BEGIN Supplied entries

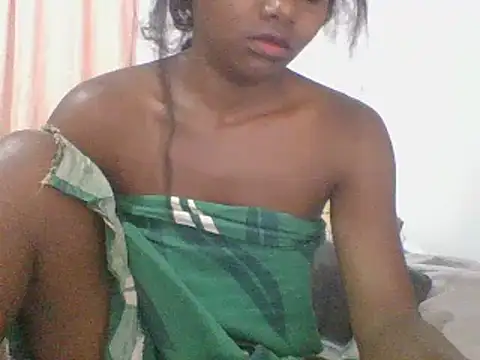 Snapshot of Hamie_sexy chatting on October 20, 7:20 am Hamie sexy online show from October 20, 7:20 am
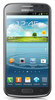 Смартфон Samsung Samsung Смартфон Samsung Galaxy Premier GT-I9260 16Gb (RU) серый - Котельнич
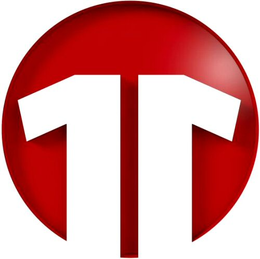 LogoMark trademark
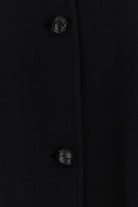 2000019467687_5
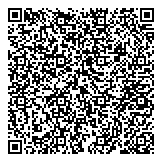 QR код "Компьютерный мастер Москва.ru"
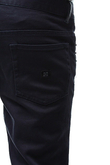 SKINNY TWILL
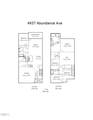 4937 Abundance Avenue - Photo 5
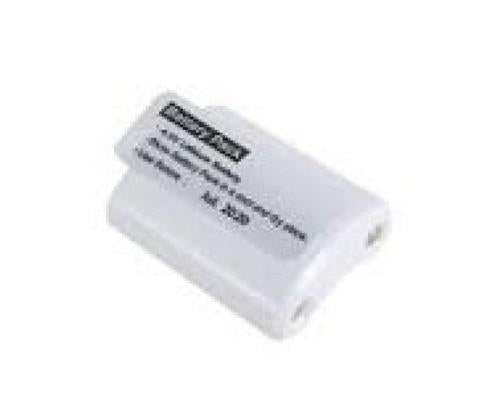 Pulsarlube batterypack voor Pulsarlube MSP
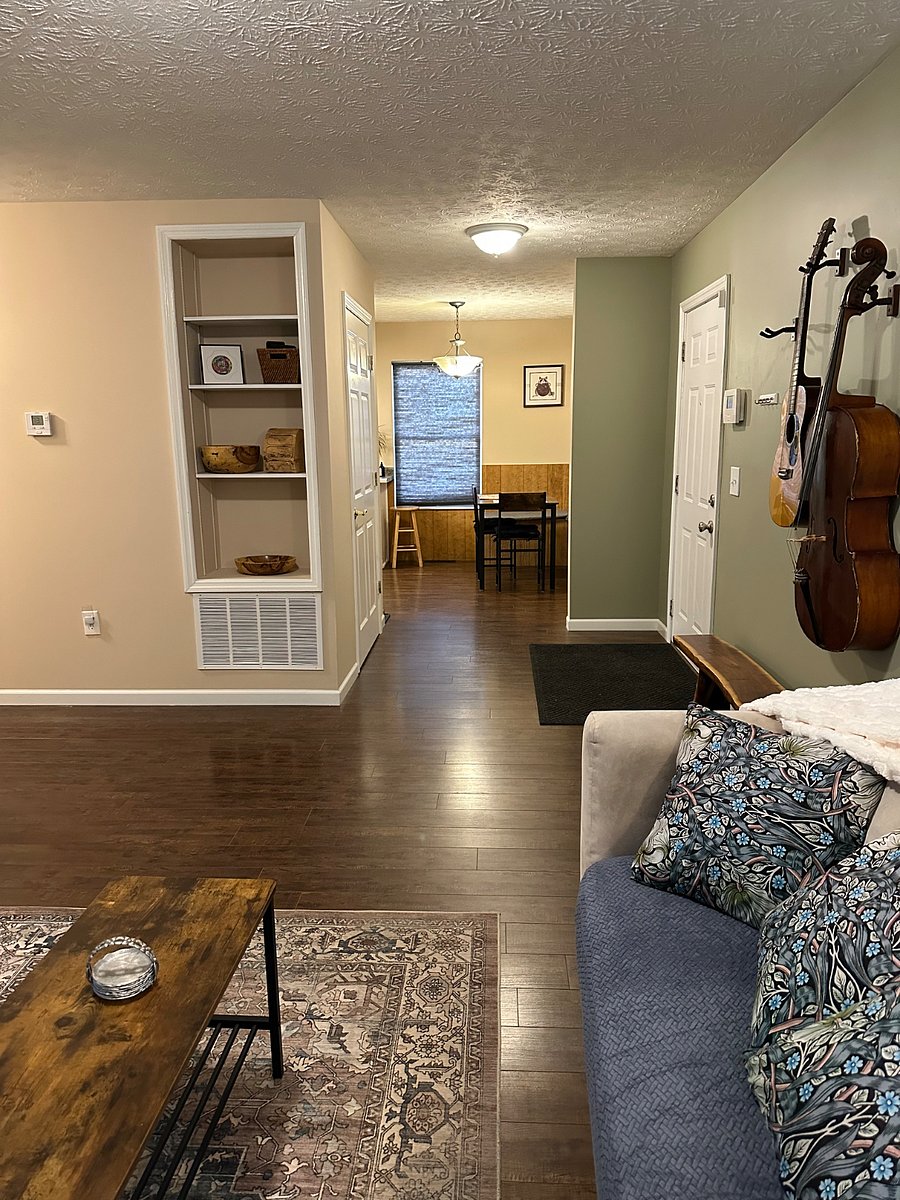 Furnished Finder property 675488_1 photo 4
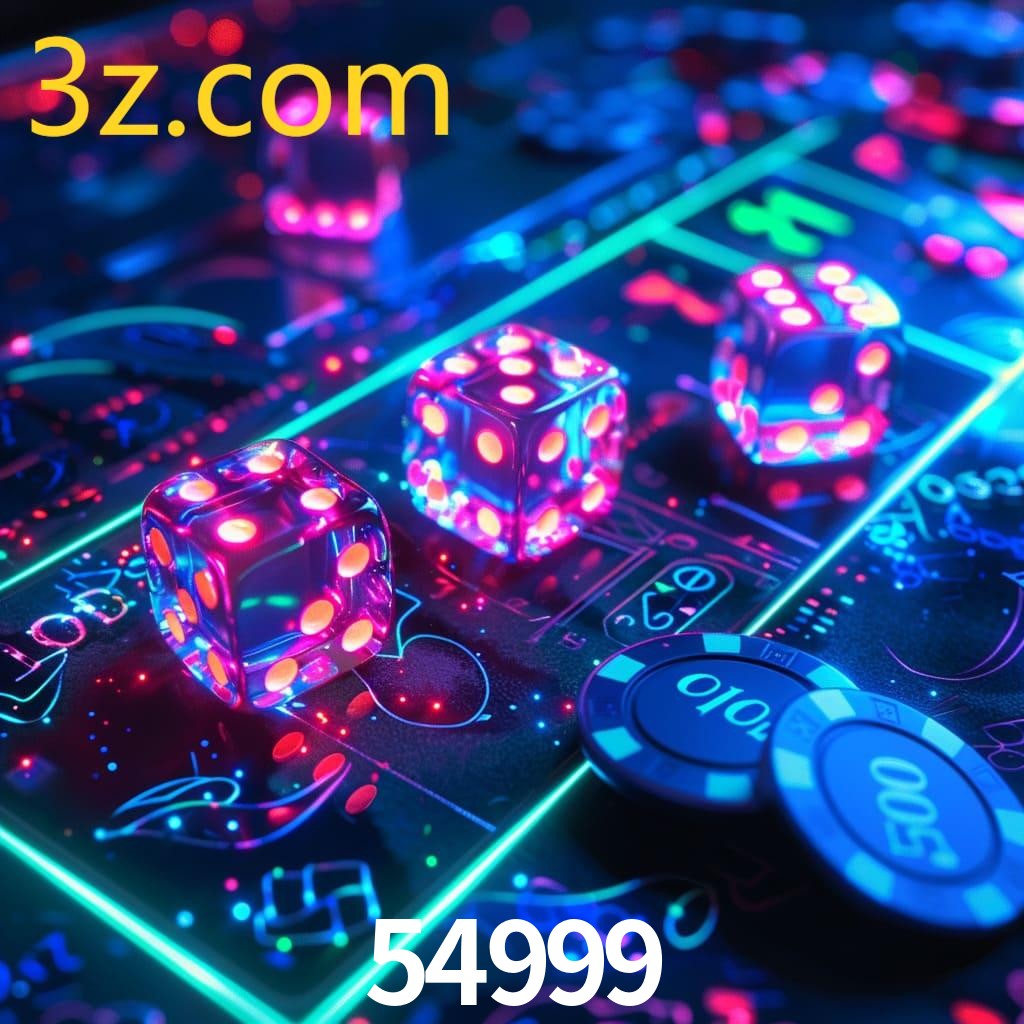 54999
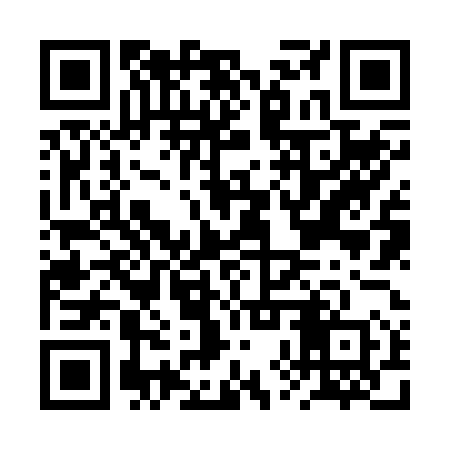 QR code for BXZ250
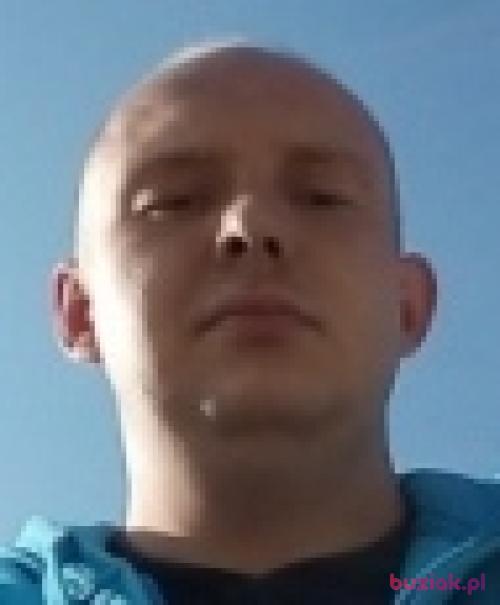 Sebawar29, Male, 40 years, Warka
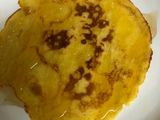 🥞แพนเค้กเครปๆ 🍯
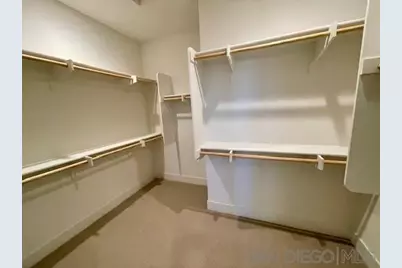  7838 Cypress Drive, Santee, CA 92071 - Photo 19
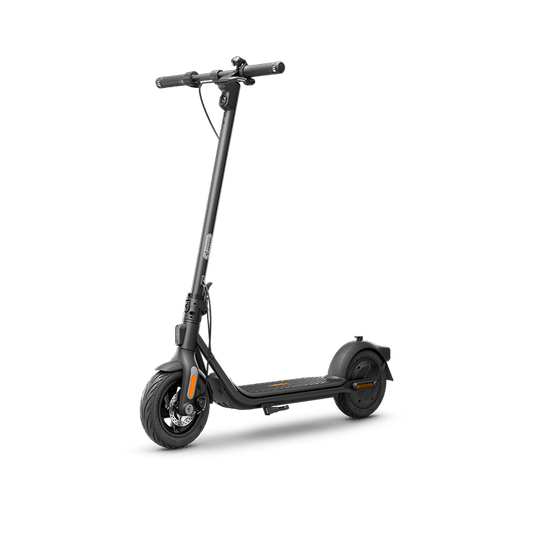 Segway F2 Electric Scooter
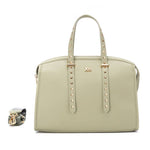 Bolso de mujer  Xti basic 18514001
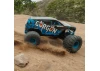 Arrma Gorgon MT - RTR With Battery + Charger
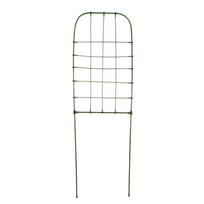 Augalų atramos kopėtėlės JAW9905 (39x120 cm)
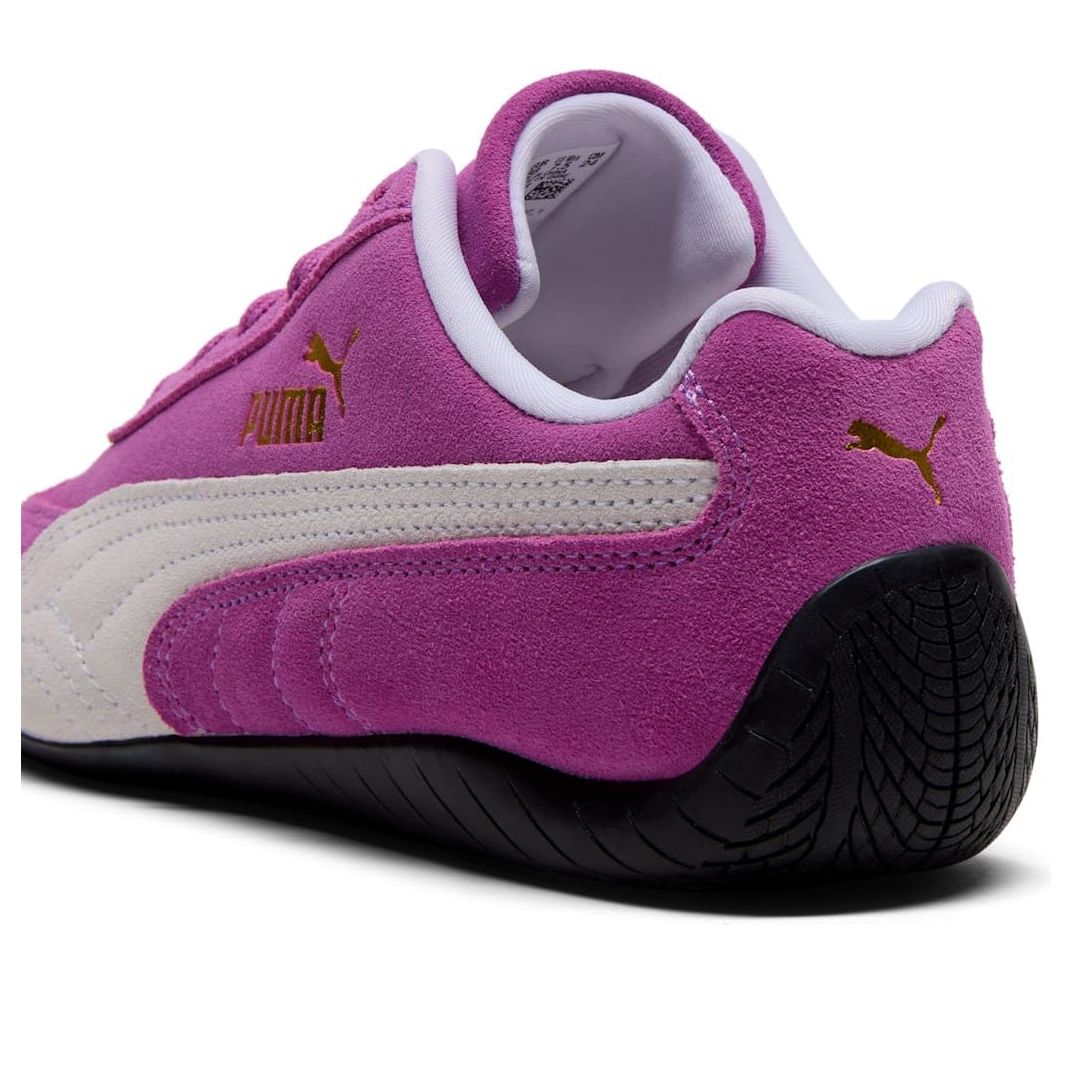 (WMNS) PUMA Speedcat OG 'Wild Berry' 400986-34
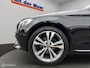 Mercedes-Benz C-klasse Estate 180 Premium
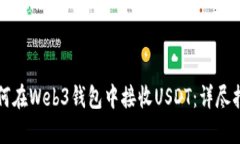 如何在Web3钱包中接收USD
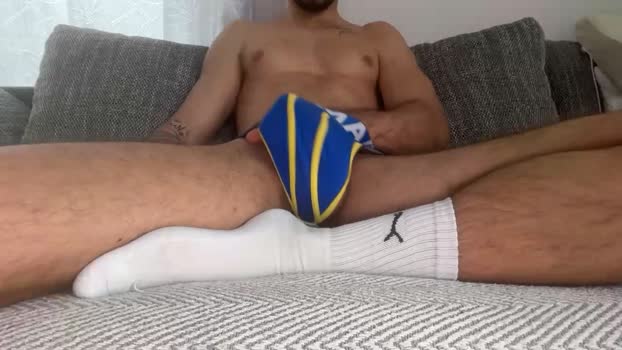 helios19895 01-02-2026 Recorded Video hard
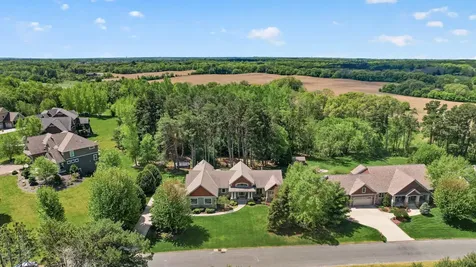 5784 Lily Avenue N Lake Elmo MN 55042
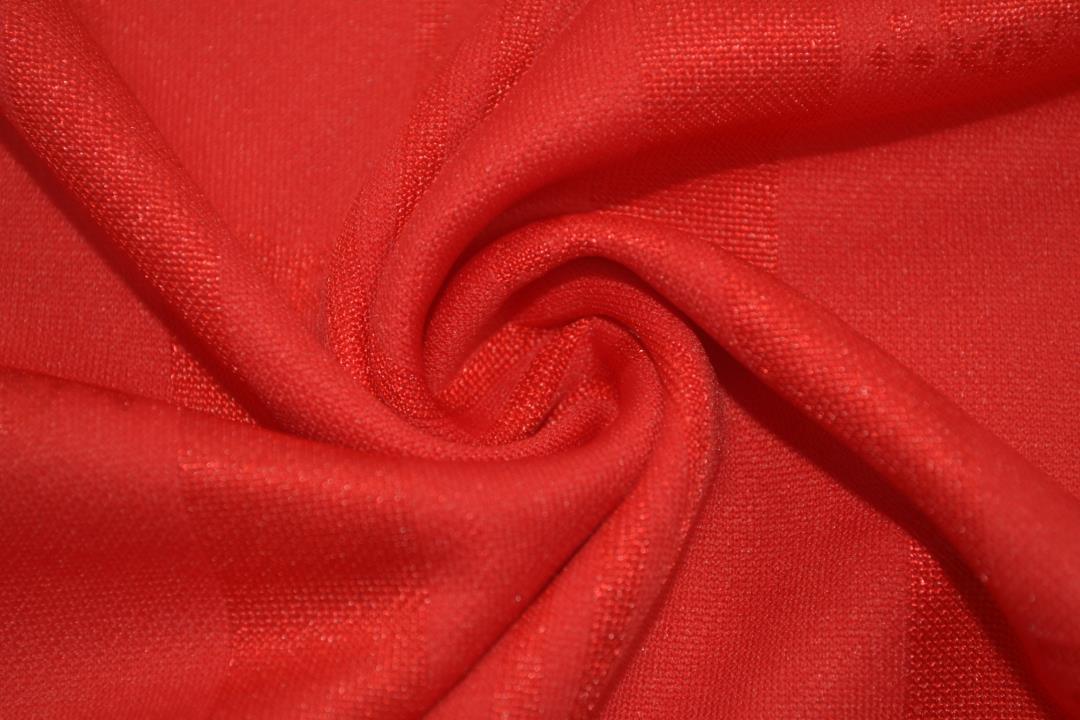 ARSENAL 86-88 — Club Retro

END Supplied entries

* [Task]: I would like the exact lines from the data above, starting with the one that holds "Segway F2 Electric Scooter" and going on through the one that holds "helios19895 01-02-2026 Recorded Video hard", without the pictures.

* [Response to this exercise]:
 Segway F2 Electric Scooter
 Bolso de mujer  Xti basic 18514001
 Arrma Gorgon MT - RTR With Battery + Charger
 Augalų atramos kopėtėlės JAW9905 (39x120 cm)
 (WMNS) PUMA Speedcat OG 'Wild Berry' 400986-34
 Mercedes-Benz C-klasse Estate 180 Premium
 如何在Web3钱包中接收USD
 helios19895 01-02-2026 Recorded Video hard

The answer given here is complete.